3rd Computing Systems Research Day

Sponsored by:

Schedule

12:45 – 13:45
Christina Delimitrou

Abstract

Cloud computing promises flexibility, high performance, and low cost. Despite its prevalence, most datacenters hosting cloud computing services still operate at very low utilization, posing serious scalability concerns. There are several reasons behind low cloud utilization, dominated by overly conservative users trying to avoid the unpredictable performance of multi-tenancy.

A crucial system that can improve the efficiency of cloud infrastructures, while guaranteeing high performance for each submitted application is the cluster manager; the system that orchestrates where applications are placed and how many resources they receive. In this talk, I will first describe Quasar, a cluster management system that leverages practical ML techniques to quickly determine the type and amount of resources a new cloud application needs to satisfy its quality of service constraints. Quasar also introduces a new declarative interface in cluster management, where users express their applications’ performance, not resource, requirements to the system. We have built and deployed Quasar in local clusters, as well as production systems, including Twitter and AT&T, and showed that it guarantees high application performance, while improving system utilization by 2-3x.

Second, I will talk about the security vulnerabilities cloud multi-tenancy creates, and show how similar ML techniques to those used in Quasar can enable an adversary to extract confidential information about an application, and negatively impact its performance.

Finally, I will briefly discuss the direction in which cloud applications and systems are evolving, and how big data can help us improve the way we design and manage these complex, large-scale systems.

Bio

Christina Delimitrou is an assistant professor of Electrical and Computer Engineering, and Computer Science at Cornell, working in computer architecture, systems, and applied data mining. She is a member of the Computer Systems Lab and directs the SAIL group at Cornell. Christina has received a PhD in Electrical Engineering from Stanford University.
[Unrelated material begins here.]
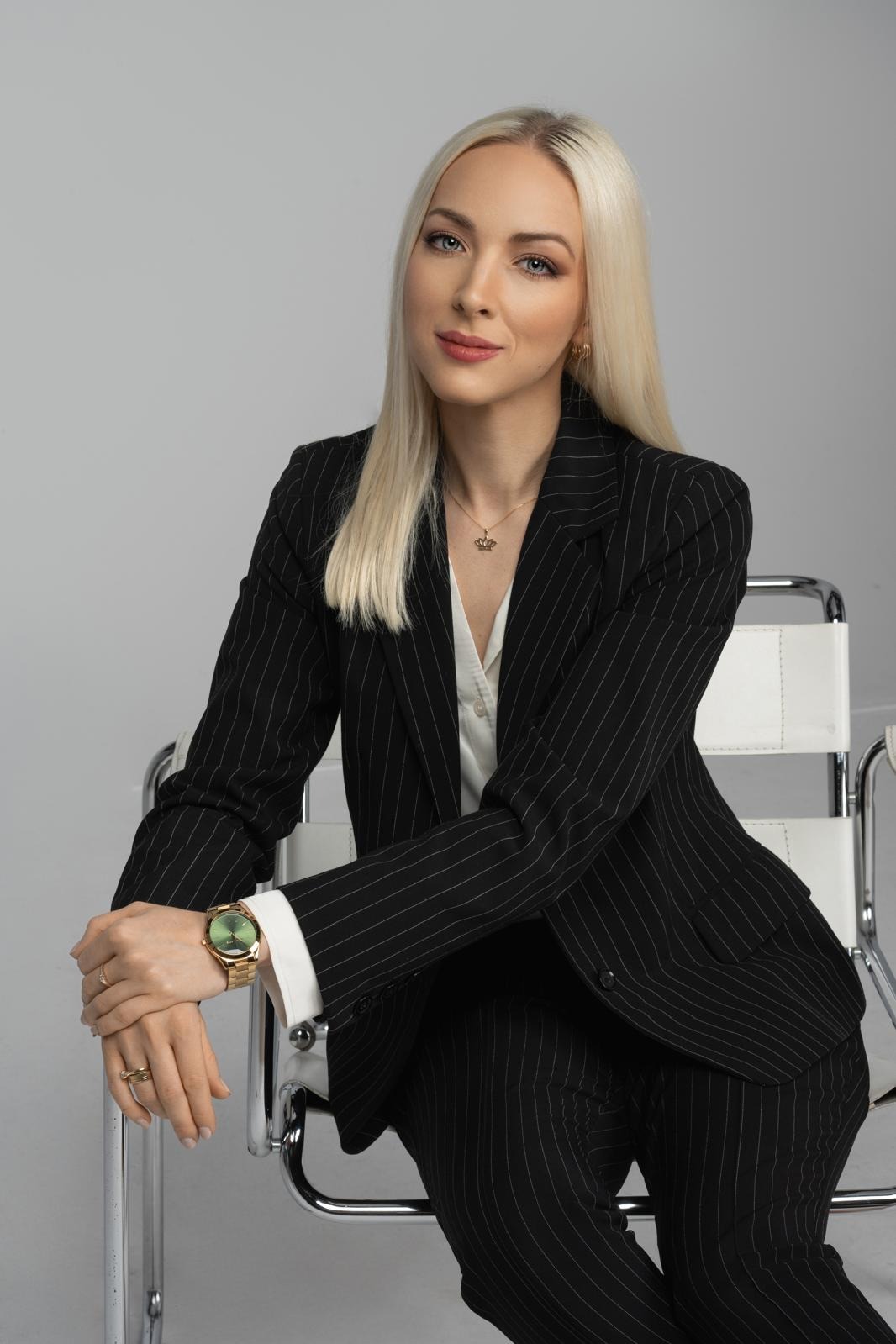 Portret kobiety w czarnym garniturze w prążki, siedzącej na białym krześle. Złoty zegarek i naszyjnik z koroną dodają elegancji. Profesjonalny wizerunek.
She previously earned an MS in Electrical Engineering, also from Stanford, and a diploma in Electrical and Computer Engineering from the National Technical University of Athens. She is the recipient of a John and Norma Balen Sesquicentennial Faculty Fellowship, a Facebook Research Fellowship, and a Stanford Graduate Fellowship.

Break
14:30 – 15:00
Nikos Pleros
Dptm of Informatics, Aristotle University of Thessaloniki, Thessaloniki, Greece, http://phos-net.csd.auth.gr/
email: npleros@csd.auth.gr

Abstract

The vast amount of new data being generated is outpacing the development of infrastructures and continues to grow at much higher rates than Moore’s law, a problem that is commonly referred to as the “data deluge problem”. This brings current computational machines in the struggle to exceed Exascale processing powers by 2020 and this is where the energy boundary is setting the second, bottom-side alarm: A reasonable power envelope for future Supercomputers has been projected to be 20MW, while world’s current No. 2 Supercomputer Sunway TaihuLight provides 93 Pflops and requires already 15.37 MW. This simply means that we have reached so far below 10% of the Exascale target but we consume already more than 75% of the targeted energy limit!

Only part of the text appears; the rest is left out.